In order to determine whether the effect of this serum was a specific or a non-specific one, we attempted, in a number of cases, to duplicate the results by the intravenous injection of typhoid vaccine, such representing a convenient and direct method of nonspecific protein therapy. Some fairly good results were seen. Other miscellaneous methods of treatment were tried at various times in the course of years, these methods including autogenous vaccines of fecal organisms, Bargen's serum and vaccine, transfusions, etc., some with good results, many of them without any noticeable effect. It would seem that among the various types of intravenous therapy, no one item seemed to have a specific effect upon the disease. It soon became obvious that any protein agent which would produce a protein shock and a febrile reaction, could bring about a beneficial change in the chronic course of this disease. The change from the slow, lethargic chronicity into a sudden flare-up induced by the protein therapy of whatever type, frequently seemed to alter the long drawn-out course of the malady. After several severe protein shocks, the temperature would frequently subside, diarrhea gradually and more slowly diminish until constipation was achieved and the general health of the patient, appetite, strength and weight began to show steady improvement."
Following World War II, new treatment options became available including antibiotics and corticosteroids. By that time, Crohn had discontinued using bacterial vaccines for his patients with inflammatory bowel disease in preference to surgery, which initially seemed to lead to a very high cure rate: "The percentage of surgical cures is high, even when reckoned conservatively, and it is grossly well over 80 per cent ." Although in subsequent years, it became apparent to Crohn that recurrences following surgery were not uncommon, and similarly, other promising therapies failed to meet initial expectations .
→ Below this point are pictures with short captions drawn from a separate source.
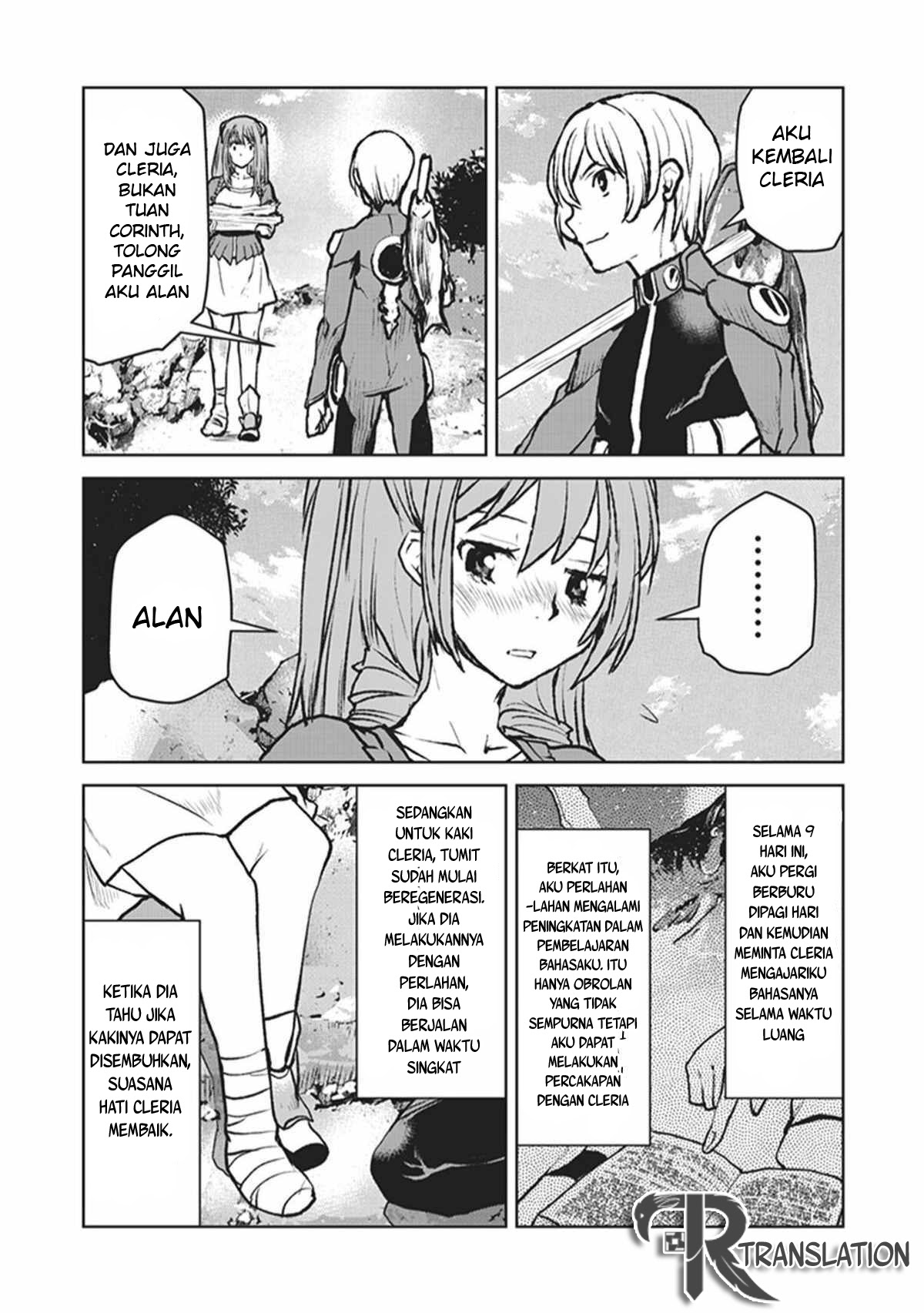 The Galactic Navy Officer Becomes an Adventurer Chapter 06 - Halaman 4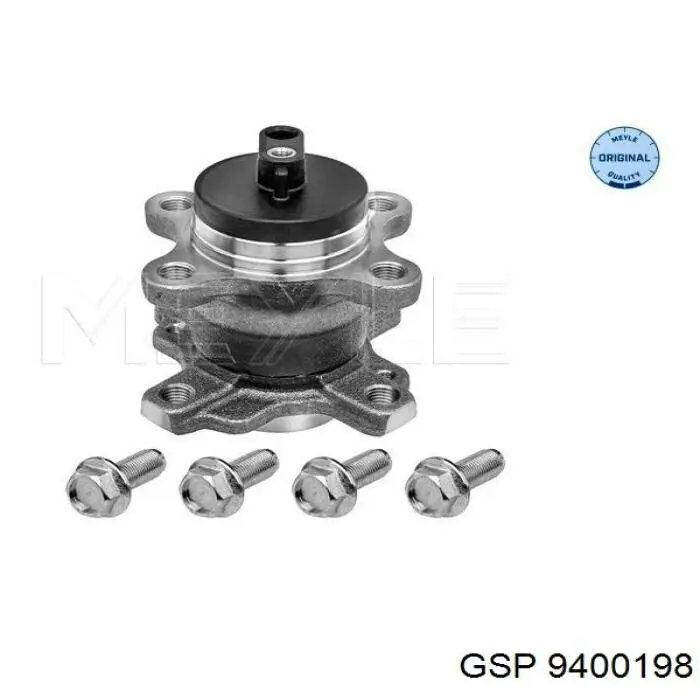 Ступицы задних колес Nipparts N4718037 цена, от 34.09 USD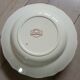 6 assiettes creuses Terre de fer polychrome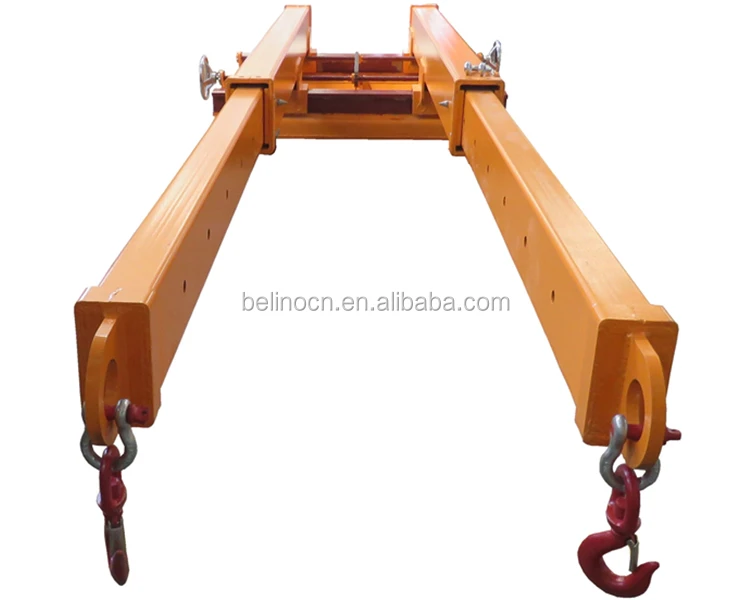 Double Telescope Extension Forklift Boom For Slabs Bundle Lifting Buy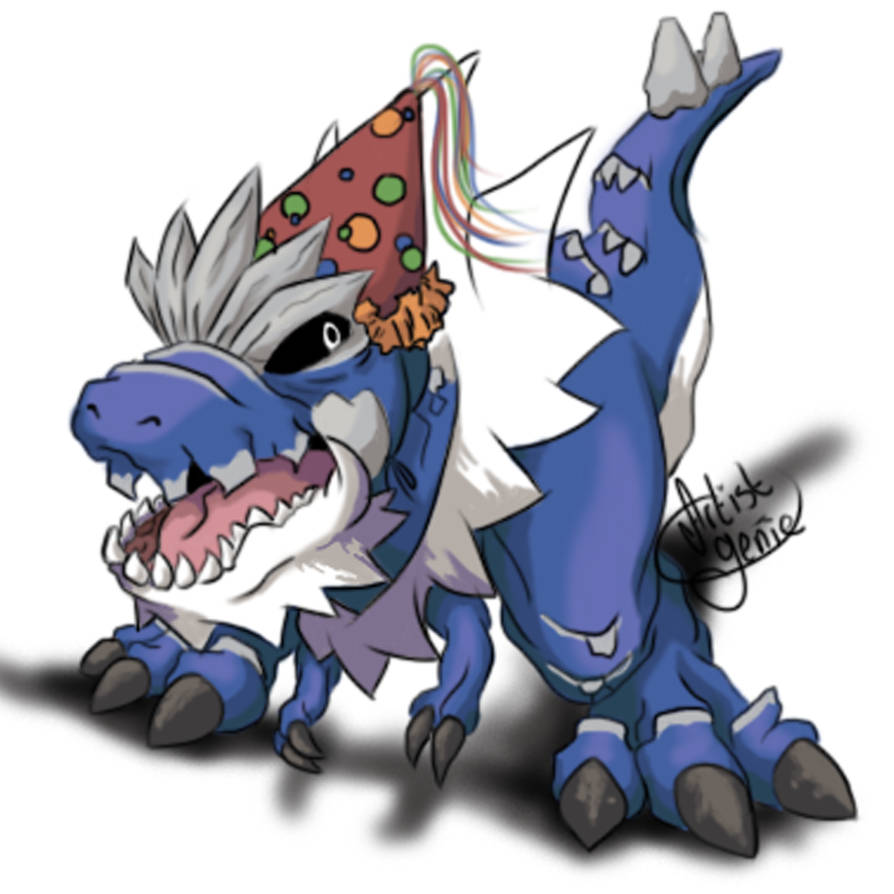 .:Happy Birthday Ty:. by PrincessYoshi on DeviantArt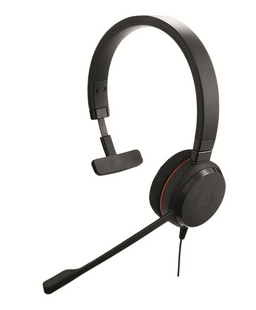 Гарнітура Jabra Evolve 20 USB-C/A MS Mono накладна провідна на одне вухо для Microsoft Teams (4993-823-169)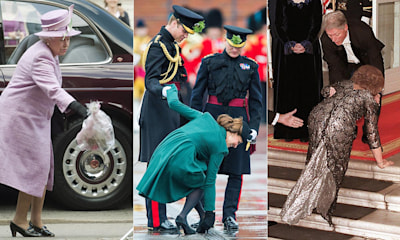 When royals slip up in public: 13 very relatable photos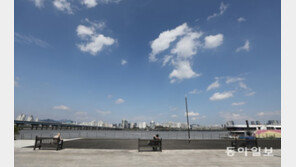 [청계천 옆 사진관] ‘마음이 뻥~’ 그림 같은 파란 하늘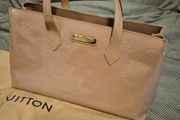 Louis Vuitton Wilshire bag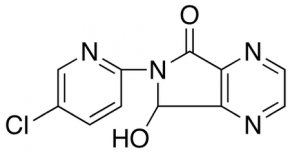 6-(5-Chloro-2-pyridyl)-6,7-dihydro-7-hydroxy-5H-pyrrolo[3,4-b]pyrazin-5-one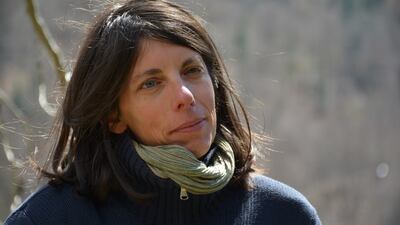 Emmanuelle Pagano, author of Faces on the Tip of My Tongue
The possibility exists that other factors may have been responsible for the patient's remission. For example, the antibiotic cephalexin could have played a role, although some facts warrant against such a possibility. The patient had been on cephalexin for many days without any effect on her symptoms, and following disease recurrence the rechallenge with cephalexin had no impact on her symptoms. As to the surgery, by the time the operation for her fistula had taken place, her Crohn's symptoms had already abated and therefore it was an unlikely factor in her remission. In contrast to the case series by Lobel, the acute infections that were associated with remissions were of a longer duration than in the present case; however, they also correspondingly produced remissions of a much longer duration.
In the present case, the complete remission was unusual for this patient due to a long history of severe and poorly controlled disease. Moreover, the remission associated with the patient's febrile infection is analogous to other reports of spontaneous or induced remissions following fever. In fact, the prompt improvement noted in these reports, and in the present case, provides further support for the hypothesis that the innate immune response plays a key role - an adaptive immune response would require a longer time period to develop. Strategies that try to suppress the immune system or those that try to eradicate or displace harmful bacteria have shown limited efficacy. An alternative approach would be to develop therapies that specifically activate the innate febrile immune response, and thereby attempt to reassert immune system control over pathogens or harmful indigenous flora.
We wish to thank the patient for agreeing to allow us to report on her remission.